3.2. Behavioral analysis

Except for the first visit of only one patient, all patients accepted to enter the hospital, even during the COVID-19 pandemic, which required a more stringent protocol for access involving temperature measurement and wearing facial masks for patients, caregivers, and healthcare professionals. Only in two appointments, the patients refused to enter the consulting room, while support from caregivers was requested in 116 cases (Supplementary Figure S7A). After entering the consulting room, the children were asked to sit in the office, a procedure actively refused in 148 cases (Supplementary Figure S7B), while entering the operating room was refused only 41 times (Supplementary Figure S7C). In 48 visits, the children refused to open the mouth (Supplementary Figure S7D). Once the children entered the operating room, 1,145 visits were done at the chair, while a minority were done standing (n = 93), in the caregivers' arm (n = 20), or in the pushchair (n = 3) (Supplementary Figure S7J). Once the visit started, the different instruments were accepted to a variable degree. The dental mirror and light were refused in 13% of visits (Supplementary Figure S7E), while the towel was refused in 28% of cases (Supplementary Figure S7G). The air-water syringe was refused 32% of the time and the dentist's probe 41% (Supplementary Figures S7I, H, respectively).

3.3. Primary outcome: scoping analysis on the degree of collaboration

The degree of collaboration at each appointment is shown in Figure 1.


Figure 1. Collaboration shown by each of the 86 patients at each visit. The degree of collaboration was evaluated by the dentist at each visit on a Frankl scale: 0 no collaboration, pink; 1 scarce, light blue; 2 good, green; and 3 optimal, red.

We first asked whether there was a difference in collaboration between the first visit and the last visit. As the total number of visits varied because of possible missing visits or increased frequency for clinical reasons, we chose visit 15 because of possible delays, meaning 5 visits/year and representing an advanced stage in the program that was reached by most of the patients (N = 73, 87.95% of patients; see Figure 2, Supplementary Figure S5A). Between the 1st and 15th visits, there was a significant improvement in the degree of collaboration (W = 837, p < 0.0001, Wilcoxon test), mean difference (0.671), and CI (0.489–0.854).


Figure 2. Degree of collaboration at the 1st and 15th visits. Horizontal blue lines indicate the number of patients showing a degree of collaboration from 0 (no collaboration) to 3 (optimal collaboration).
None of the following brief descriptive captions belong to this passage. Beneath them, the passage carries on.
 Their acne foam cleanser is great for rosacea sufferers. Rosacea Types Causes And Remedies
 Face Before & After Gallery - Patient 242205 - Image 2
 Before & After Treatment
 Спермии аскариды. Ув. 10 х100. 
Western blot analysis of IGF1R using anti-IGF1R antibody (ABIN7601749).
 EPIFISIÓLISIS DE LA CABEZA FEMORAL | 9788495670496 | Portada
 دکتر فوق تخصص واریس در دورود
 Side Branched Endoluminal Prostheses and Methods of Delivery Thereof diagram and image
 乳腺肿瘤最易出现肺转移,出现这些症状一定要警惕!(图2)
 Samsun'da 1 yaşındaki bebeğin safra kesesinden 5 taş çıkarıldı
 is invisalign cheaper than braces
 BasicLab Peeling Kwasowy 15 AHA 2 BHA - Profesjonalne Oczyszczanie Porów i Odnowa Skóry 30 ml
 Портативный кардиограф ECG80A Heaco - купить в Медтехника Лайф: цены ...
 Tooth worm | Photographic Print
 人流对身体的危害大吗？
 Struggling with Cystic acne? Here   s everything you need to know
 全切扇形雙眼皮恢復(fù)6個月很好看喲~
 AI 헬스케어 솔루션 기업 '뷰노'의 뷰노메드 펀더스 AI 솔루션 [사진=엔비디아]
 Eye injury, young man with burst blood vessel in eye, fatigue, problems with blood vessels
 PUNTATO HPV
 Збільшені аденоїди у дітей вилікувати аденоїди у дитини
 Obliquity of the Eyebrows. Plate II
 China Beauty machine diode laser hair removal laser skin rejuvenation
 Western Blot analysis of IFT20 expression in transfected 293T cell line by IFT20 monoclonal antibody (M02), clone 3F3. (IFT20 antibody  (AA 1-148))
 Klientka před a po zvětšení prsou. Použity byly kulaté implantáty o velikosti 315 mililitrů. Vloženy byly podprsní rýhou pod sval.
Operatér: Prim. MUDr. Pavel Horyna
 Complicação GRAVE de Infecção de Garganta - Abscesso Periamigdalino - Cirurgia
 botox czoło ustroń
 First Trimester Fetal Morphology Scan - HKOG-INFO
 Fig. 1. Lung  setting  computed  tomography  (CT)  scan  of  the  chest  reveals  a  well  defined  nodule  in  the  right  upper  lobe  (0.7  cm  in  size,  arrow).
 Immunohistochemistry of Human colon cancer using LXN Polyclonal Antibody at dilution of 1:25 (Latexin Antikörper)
Actually, the degree of collaboration varied among the first 15 visits (p < 0.0001, Friedman test). Compared with the first visit, the degree of collaboration was significantly higher from visit 9 onward (Dunn's multiple comparisons test). From visit 7 onward, there was no statistically significant difference in collaboration with subsequent visits, suggesting that the improvement in collaboration was reached during the first six visits, which encompasses the first year of treatment. Already at visit 6, the mean value for collaboration was 1.466 (CI 1.300–1.631), while the median improved from 1 at the first visit to 2 at the sixth visit, indicating that 50% of the children reached a good degree of collaboration (p < 0.01, Wilcoxon test). However, during the second and third years of the project, the COVID-19 pandemic posed a great threat to autistic persons, possibly delaying or impeding any further possible improvement in collaboration. Nevertheless, it is noteworthy that the achievements of the 1st year were neither lost nor impaired, despite the increased difficulties in accessing the hospital and the department.

3.4. Primary outcome: hierarchical clustering analysis on the degree of collaboration

Collaboration was associated with sex (Somers' D: 0.132), being slightly but significantly higher in male participants (chi-square test = 15,469 p = 0.01, Figure 3A). Collaboration was also associated with age (Somers' D: 0.298), with the older patients being more collaborative (chi-square test = 181,605 p < 0.001, Figure 3B), and diagnosis (chi-square test = 91,004 p < 0.001), as children with a diagnosis of ASD are less collaborative. The association between collaboration and age can be in part biased by the fact that during the 3-year project, children were growing older and improving their collaboration as a result of their participation in the project. Concerning diagnosis, the older PDD-NOS (pervasive developmental disorder—not otherwise determined) diagnosis was usually used for symptoms milder than those for autism diagnosis and was often used in toddlers/young children before releasing a clear diagnosis of autism. Hence, it is conceivable that the ASD group includes more severe, and hence less collaborative, cases compared with PDD-NOS.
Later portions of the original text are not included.